The main source of the Islamic Law is the Holy Quran. The Law of the Quran is undoubtedly final and binding and nobody can challenge it because the Quranic injunctions are meant for all times and places.
A Quranic verse is categorized as legal when it contains a hukum or a command. The verses of the Quran which deal with legal or practical issues are known as Ayaat-al-Ahkam (legal verses). The command or hukum may be mentioned, in such verses, in a non-legal context too.
The Ayaat –al-Ahkaam can be grouped in 3 categories:
The Ahkaam I’tiqaadiyah or the verses which are related to faith/belief
The Ahkaam Akhlaaqiyah or the verses which are related to morality and
The Ahkaam Amalliyah or the verses which are related to practical legal rulings
The primary objective of the Islamic Law is mercy. Therefore, the fundamental tendency of the Quranic rulings was to favor the downtrodden and underprivileged sections of the society.
The second source of the Islamic Law is the Sunnah of the Prophet (saw), which comprises of his recommendations, practices and rulings. The conciseness of the Holy Quran on certain points is elaborated by the Sunnah. For instance, though the Holy Quran has commanded to give zakat but the details about zakat are found in the Sunnah.

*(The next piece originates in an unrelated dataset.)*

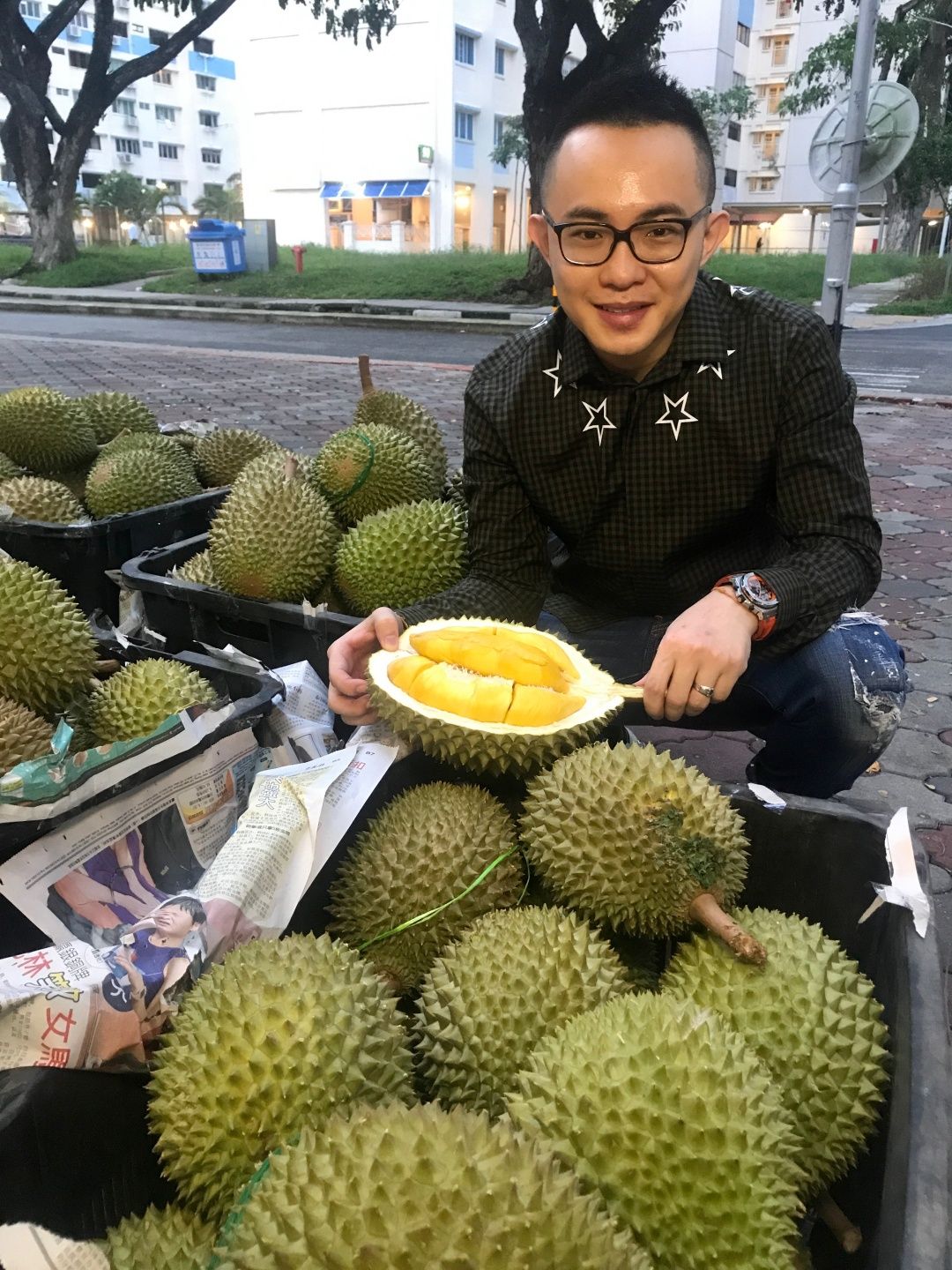 Toko Durian Ini Beri Pekerjaan Bagi Orang Yang Terkena Dampak Covid 19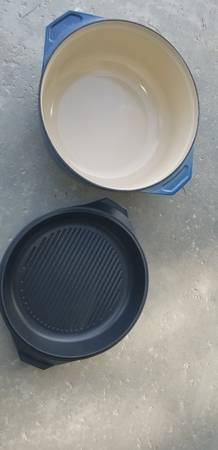 Blue Cast Iron Dutch Oven Made in France - $3563469925627905121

There are some non-revealed sources of Islamic Law too, such as:
Ijtihad or juristic reasoning
Qiyas or analogical reasoning
Istehsan or juristic preference
Istislah or consideration of public interests
Ijma or a general consensus of the learned
Whatever be the non-revealed source of Islamic law, it will be taken as valid only if it is based on the Quran.
For instance, riba or interest has been strictly forbidden by the Quran. In the present times, there are many riba- based practices which are quite rampant in the society, namely-credit cards; loans taken on interest and insurance contracts. When a question arises in the mind of a Muslim about the lawfulness of a credit card, for example, it is the duty of a mufti to guide such a person in the light of the Quran and Sunnah and not according to the prevalent practices in the society. This is because the Quranic injunctions are unchallengeable, constant and are applicable in all times. They are not meant to be altered, adapted or modified to suit any change in the society.
Abd-al-Rahman-Ibn-abi-laila, a renowned Shariah scholar has said that, ‘I was able to meet 120 Sahabas (ra) who were asked some Shariah related questions, seeking a decree from them. Instead of delivering a ruling on the issues themselves they pointed towards other Sahabas (ra) (to deliver a ruling). They felt frightened that if in case their verdict was wrong then they would be held responsible for it before Allah (swt)’.
So even though the 120 Sahabas (ra) were brimming with Islamic knowledge and were qualified to issue a fatwa, yet they were hesitant to do so.